_Source information:_
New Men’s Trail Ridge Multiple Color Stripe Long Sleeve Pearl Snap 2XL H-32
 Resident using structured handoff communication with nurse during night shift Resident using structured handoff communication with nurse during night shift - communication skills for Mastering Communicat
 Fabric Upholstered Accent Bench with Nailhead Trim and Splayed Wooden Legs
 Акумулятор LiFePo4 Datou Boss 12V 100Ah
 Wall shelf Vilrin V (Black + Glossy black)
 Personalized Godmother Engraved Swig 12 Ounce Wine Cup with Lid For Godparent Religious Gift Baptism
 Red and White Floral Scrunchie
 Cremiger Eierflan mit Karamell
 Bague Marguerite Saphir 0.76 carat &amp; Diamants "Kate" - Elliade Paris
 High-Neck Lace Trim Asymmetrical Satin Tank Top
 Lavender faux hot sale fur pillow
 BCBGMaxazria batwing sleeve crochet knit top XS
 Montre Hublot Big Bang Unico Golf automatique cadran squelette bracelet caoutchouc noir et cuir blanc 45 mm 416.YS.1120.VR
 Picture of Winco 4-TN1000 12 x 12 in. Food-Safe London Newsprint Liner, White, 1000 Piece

_What you will do:_ Print the entire set of records again, exactly.

_Answer for this exercise:_
New Men’s Trail Ridge Multiple Color Stripe Long Sleeve Pearl Snap 2XL H-32
 Resident using structured handoff communication with nurse during night shift Resident using structured handoff communication with nurse during night shift - communication skills for Mastering Communicat
 Fabric Upholstered Accent Bench with Nailhead Trim and Splayed Wooden Legs
 Акумулятор LiFePo4 Datou Boss 12V 100Ah
 Wall shelf Vilrin V (Black + Glossy black)
 Personalized Godmother Engraved Swig 12 Ounce Wine Cup with Lid For Godparent Religious Gift Baptism
 Red and White Floral Scrunchie
 Cremiger Eierflan mit Karamell
 Bague Marguerite Saphir 0.76 carat &amp; Diamants "Kate" - Elliade Paris
 High-Neck Lace Trim Asymmetrical Satin Tank Top
 Lavender faux hot sale fur pillow
 BCBGMaxazria batwing sleeve crochet knit top XS
 Montre Hublot Big Bang Unico Golf automatique cadran squelette bracelet caoutchouc noir et cuir blanc 45 mm 416.YS.1120.VR
 Picture of Winco 4-TN1000 12 x 12 in. Food-Safe London Newsprint Liner, White, 1000 Piece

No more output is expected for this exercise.